Work order:
Using the listing, copy each whole line that features "Steel".

Start of Source information

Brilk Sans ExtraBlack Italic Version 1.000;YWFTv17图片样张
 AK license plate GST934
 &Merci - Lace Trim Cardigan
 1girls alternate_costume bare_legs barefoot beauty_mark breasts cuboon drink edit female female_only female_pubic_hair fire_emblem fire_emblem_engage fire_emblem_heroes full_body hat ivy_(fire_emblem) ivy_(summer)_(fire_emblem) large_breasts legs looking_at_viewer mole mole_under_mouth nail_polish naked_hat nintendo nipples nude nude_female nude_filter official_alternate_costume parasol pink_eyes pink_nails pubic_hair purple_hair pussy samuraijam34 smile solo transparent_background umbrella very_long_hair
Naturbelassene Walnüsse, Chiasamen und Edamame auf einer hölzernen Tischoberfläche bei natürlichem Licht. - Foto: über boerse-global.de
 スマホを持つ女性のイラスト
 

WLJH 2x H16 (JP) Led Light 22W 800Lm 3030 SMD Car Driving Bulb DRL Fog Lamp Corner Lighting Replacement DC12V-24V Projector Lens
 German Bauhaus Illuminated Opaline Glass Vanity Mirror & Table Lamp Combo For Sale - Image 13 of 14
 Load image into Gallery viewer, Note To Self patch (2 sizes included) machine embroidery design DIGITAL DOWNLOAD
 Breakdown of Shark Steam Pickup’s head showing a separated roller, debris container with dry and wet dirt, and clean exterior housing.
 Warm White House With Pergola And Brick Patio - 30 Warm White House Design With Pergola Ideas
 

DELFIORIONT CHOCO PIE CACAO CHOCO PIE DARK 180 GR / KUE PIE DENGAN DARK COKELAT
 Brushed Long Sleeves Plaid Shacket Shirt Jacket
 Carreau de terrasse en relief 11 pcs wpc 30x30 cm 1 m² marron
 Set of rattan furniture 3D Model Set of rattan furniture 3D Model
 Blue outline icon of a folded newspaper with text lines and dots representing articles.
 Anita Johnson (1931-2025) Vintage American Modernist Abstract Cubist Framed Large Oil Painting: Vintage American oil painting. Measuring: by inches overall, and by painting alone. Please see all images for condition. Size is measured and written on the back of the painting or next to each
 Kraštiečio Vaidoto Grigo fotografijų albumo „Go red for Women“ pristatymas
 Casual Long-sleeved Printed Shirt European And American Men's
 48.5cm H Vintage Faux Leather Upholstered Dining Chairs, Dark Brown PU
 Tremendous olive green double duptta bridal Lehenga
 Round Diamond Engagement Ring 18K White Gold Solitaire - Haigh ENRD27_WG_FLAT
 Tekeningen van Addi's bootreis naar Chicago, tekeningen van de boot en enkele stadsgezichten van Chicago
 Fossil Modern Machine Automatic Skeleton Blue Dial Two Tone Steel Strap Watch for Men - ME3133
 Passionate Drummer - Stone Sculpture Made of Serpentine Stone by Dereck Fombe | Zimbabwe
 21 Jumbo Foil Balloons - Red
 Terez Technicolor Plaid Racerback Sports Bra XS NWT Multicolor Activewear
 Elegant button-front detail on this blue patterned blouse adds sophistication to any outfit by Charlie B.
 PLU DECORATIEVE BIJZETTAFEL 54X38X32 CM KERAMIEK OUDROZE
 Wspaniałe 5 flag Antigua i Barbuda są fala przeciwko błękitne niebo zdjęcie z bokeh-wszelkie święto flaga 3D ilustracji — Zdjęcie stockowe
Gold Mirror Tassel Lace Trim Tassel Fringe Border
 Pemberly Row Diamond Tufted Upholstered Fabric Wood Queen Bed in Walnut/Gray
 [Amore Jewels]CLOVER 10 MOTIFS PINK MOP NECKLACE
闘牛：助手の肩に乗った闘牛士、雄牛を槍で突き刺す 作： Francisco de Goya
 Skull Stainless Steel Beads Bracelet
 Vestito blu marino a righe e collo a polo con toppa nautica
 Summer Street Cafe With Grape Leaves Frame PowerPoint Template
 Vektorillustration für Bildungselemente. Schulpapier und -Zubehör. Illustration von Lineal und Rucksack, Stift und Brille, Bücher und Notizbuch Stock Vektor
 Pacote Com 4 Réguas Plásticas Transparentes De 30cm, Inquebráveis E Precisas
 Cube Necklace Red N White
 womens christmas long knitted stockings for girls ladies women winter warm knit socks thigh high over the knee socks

End of Source information

Output of the exercise:
 Fossil Modern Machine Automatic Skeleton Blue Dial Two Tone Steel Strap Watch for Men - ME3133
 Skull Stainless Steel Beads Bracelet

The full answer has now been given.